Termination. A few jurisdictions have statutory protections against terminating sales representatives, but, in large part, termination is unrestricted by law, provided that the sales representative is paid timely for any outstanding commissions.
Distributor:
Overview. Supplier contracts with a distributor, who purchases the product from the Supplier for re-sale in the contractually-prescribed territory. Many states have statutes requiring that the Supplier compensate a distributor for warranty work done by the distributor at statutorily-prescribed rates.
Compensation. Distributor resells the product at a markup, with such profit being the only compensation.
Credit Risk. Distributor bears the credit risk as to the ultimate customer.

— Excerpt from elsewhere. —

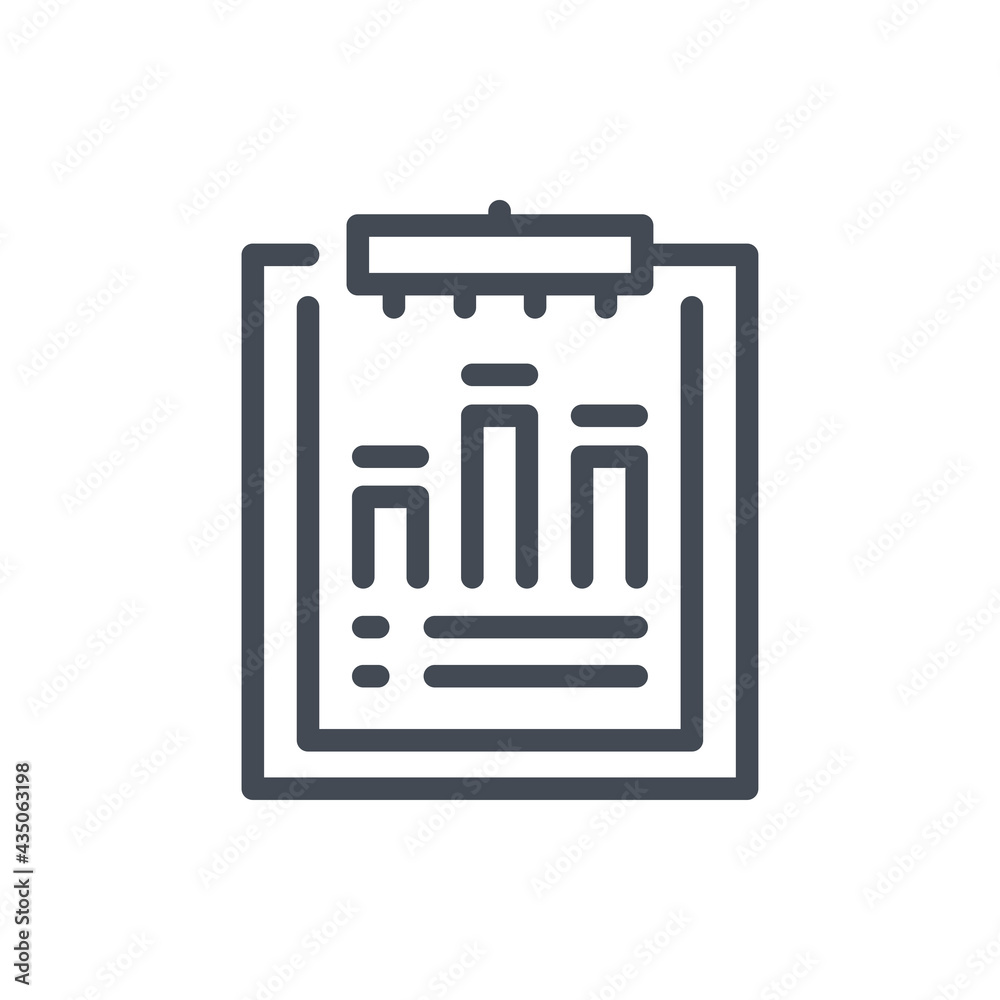 Poster clipboard with statistis and analytics line icon. progress report and performance result vector outl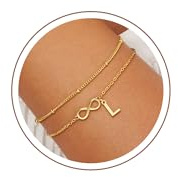 Einschulung Geschenk - Infinity Armband mit Buchstaben für Frauen Mädchen | Vergoldet/Versilbert Armband Hypoallergen Armbänder Geburtstagsgeschenk Geschenke für Frauen Mädchen Kinder Schmuck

Control. Supplier’s control of the sales activities (including pricing) is limited by antitrust and other principles. Further, the distributor maintains the relationship with the ultimate customer.
Termination. The termination or non-renewal of a distributor is often restricted by statute (particularly in certain industries, like motor vehicles, industrial or construction equipment, and agricultural equipment), and may require the buy-back of inventory or may prohibit any termination without good cause.
Franchisee:
Overview. Supplier (called the franchisor) contracts with a franchisee, who (i) may purchase product from Supplier for re-sale in the contractually-prescribed territory and/or (ii) operates a local business that, to the outside world, is indistinguishable from Supplier’s locations. This model is a hybrid between a distributorship and a license arrangement, and it involves additional statutorily-prescribed factors (which usually include the payment of a franchise fee by the franchisee to the Supplier and a heavy reliance by the franchisee on the trademarks of Supplier). This model requires franchise disclosures akin to securities offering circulars, and state-by-state registration.
Compensation. Franchisee resells the product at a markup, with such profit generally being the only compensation.
Credit Risk. Franchisee bears the credit risk as to the ultimate customer.
Control. Supplier’s control of the sales activities (including pricing) is limited by antitrust and other principles. The franchisee maintains the relationship with the ultimate customer, although, as a practical matter, the goodwill generated accrues primarily to the supplier. Supplier must also exercise quality control over the franchisee’s operations.
Termination. The termination or non-renewal of a franchise is heavily regulated, making termination difficult in the absence of good cause.
Licensee:
Overview. Supplier (called the licensor) contracts with a licensor, who licenses Supplier’s intellectual property and technology to manufacture and sell the product.
Compensation. Licensee receives the revenue generated from the sales of the licensed product, while Supplier receives a royalty, typically based on the revenue generated from the sales of licensed products.
Credit Risk. The licensee bears the credit risk to the ultimate customer.
Control. Supplier typically has very little control over the sales activities and maintains no relationship with the ultimate customer.
Termination. Unless the licensing relationship also satisfies the elements of a franchise, then issues surrounding term/termination are purely a matter of contract.
Some of the legal relationships described above are more difficult to leave than a marriage. Given this, a supply chain that is carefully and thoughtfully designed on the front-end can save a supplier a great deal of headache (and legal fees) on the back-end.